I am playing with a Zilog ePIR motion detector (https://www.sparkfun.com/products/9587) in hardware mode. I would like to use a fixed resistor to supply a voltage of, say 0.2V to Pin 3 (DLY), to set a delay for the motion detection switch-off (the whole thing runs on 3.3V).
From Kirchhoff's voltage law I would think that I need the internal resistance of the module to calculate a ratio with the series resistor. I am getting R = R_Module*(3.3V-0.2V)/0.2V.
However: I don't know any internal resistance, nor can I measure any between GND and DLY.
How do I calculate the needed resistor? Am I thinking totally wrong?

I am using the circuit from http://macherzin.net/article17-Arduino-Sensoren-Infrarot-ePIR
Bonus question: How did the author know that he needs an 80 Ohm resistor if he connects the module to 5V?

Best Answer

If you read the section regarding DLY in the datasheet for your sensor you'll see that it suggests using a simple resistive divider to set the delay. Normally, you want to drive your ADC with a low output impedance compared to your ADC's input impedance. Your resistive dividers output impedance would be R1 || R2 (assuming your voltage source is perfect with no output impedance) - so approximately 580 Ω for the circuit below - this should be OK.

But let's suppose you want to set the delay to 15 min - which corresponds to 1.8V from the datasheet. To drop 1.8 V with the divider, R2 would have to be around 5.6 kΩ. The output impedance would then be 3.5 kΩ. This might cause problems if your ADC's input impedance is just 10 kΩ.

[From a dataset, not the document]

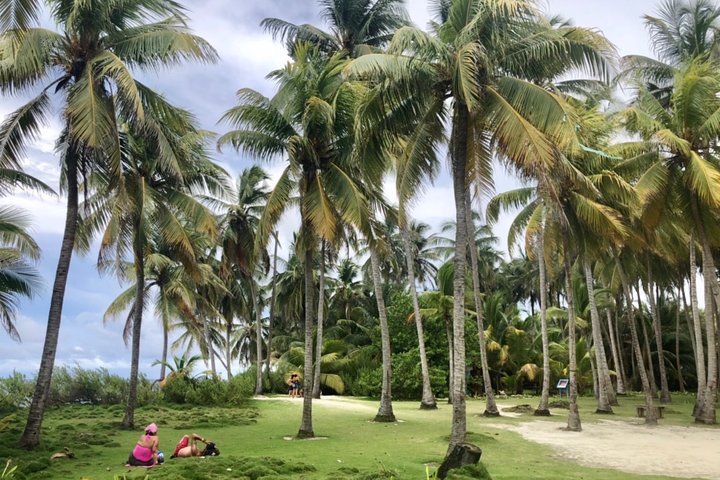 Excursion to Jhony Cay, Aquarium, Bay Tour and Mangroves.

But since the datasheet suggests a resistive divider is OK and also states that the input impedance is high, I think you'll be OK with the following (don't quote me on this, though!)

This means something like this: enter image description here

R2 will drop a voltage of 0.2 V across it. Rest of the voltage (3.3 - 0.2) will be dropped on R1. If your input voltage is 5V instead of 3.3, R2 will have to be around 400 Ohms.

If you do have issues due to the output impedance you can buffer the output of the voltage divider with a unity gain buffer. A unity gain buffer has a very low output impedance and should drive your ADC very well.